┌──
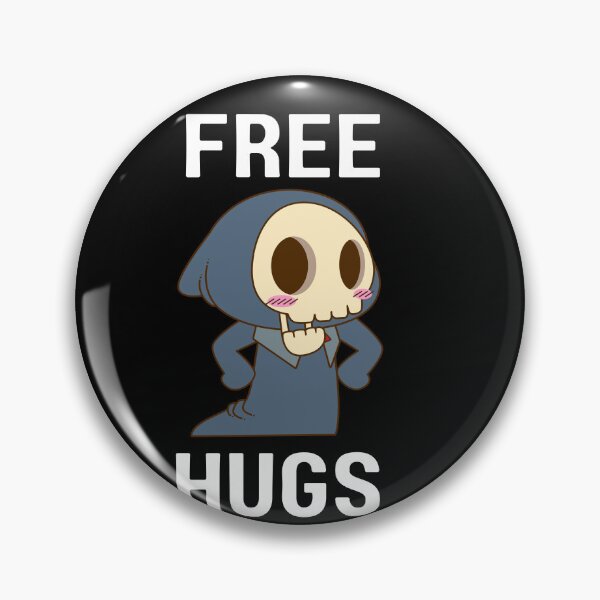 Item preview, Free Hugs Grim Reaper designed and sold by palaco210.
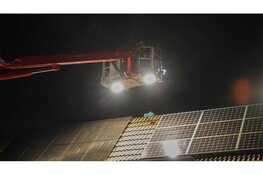 Brand in schoorsteen van woning aan Ilpenwaard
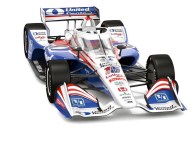 RLL reveals first of Rahal's 2020 liveries
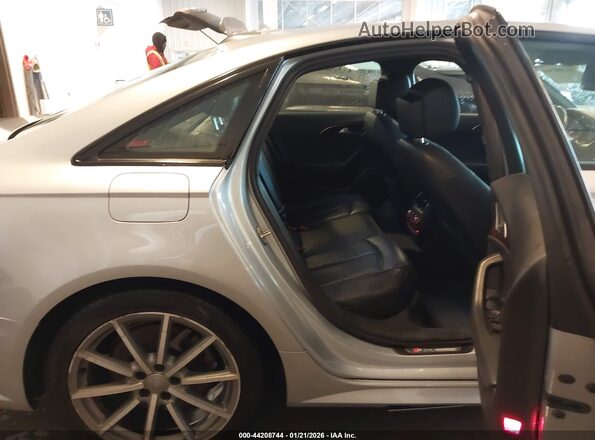 WAUG8AFC1HN087076 2017 AUDI OTHER Silver VIN კოდის სტიკერის ხედი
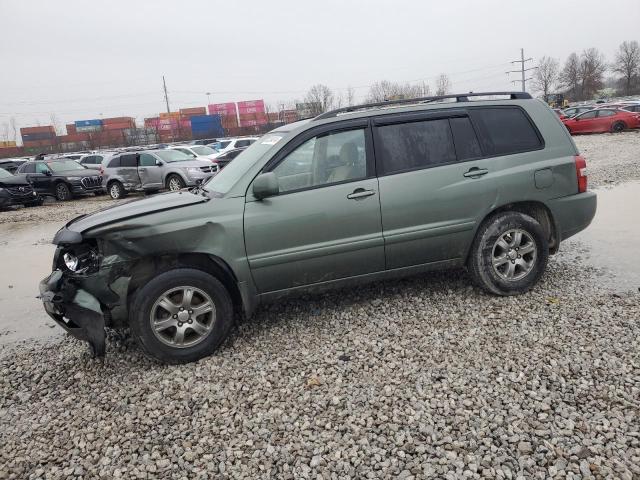 toyota highlander 2005 jtedp21a150055592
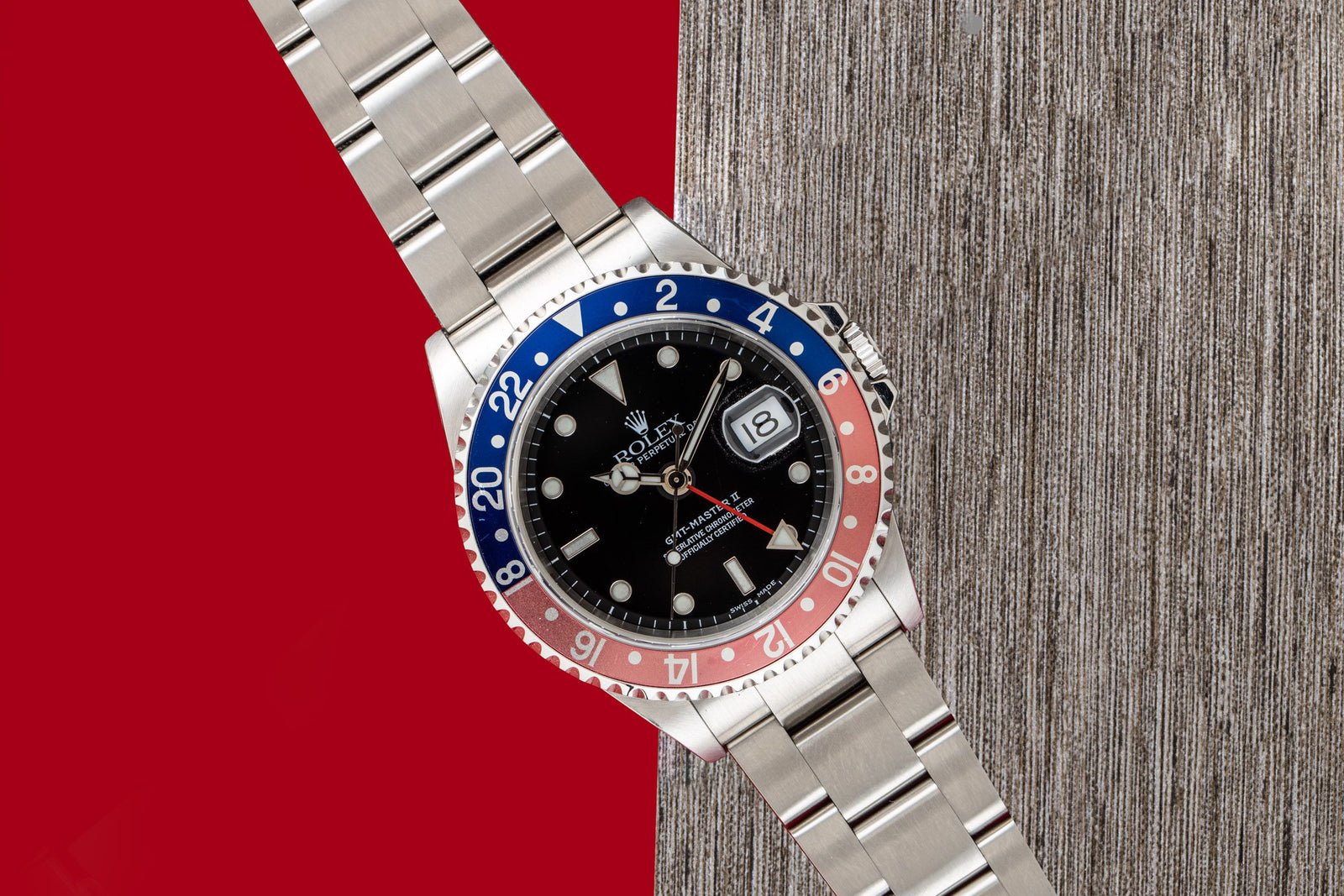 Rolex GMT-Master II 'Pepsi'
└──
_What is needed_
Keep each line of the records exactly as it is while transcribing them, but leave the images behind.

_Response for this exercise_
 Item preview, Free Hugs Grim Reaper designed and sold by palaco210.
 Brand in schoorsteen van woning aan Ilpenwaard
 RLL reveals first of Rahal's 2020 liveries
 WAUG8AFC1HN087076 2017 AUDI OTHER Silver VIN კოდის სტიკერის ხედი
 toyota highlander 2005 jtedp21a150055592
 Rolex GMT-Master II 'Pepsi'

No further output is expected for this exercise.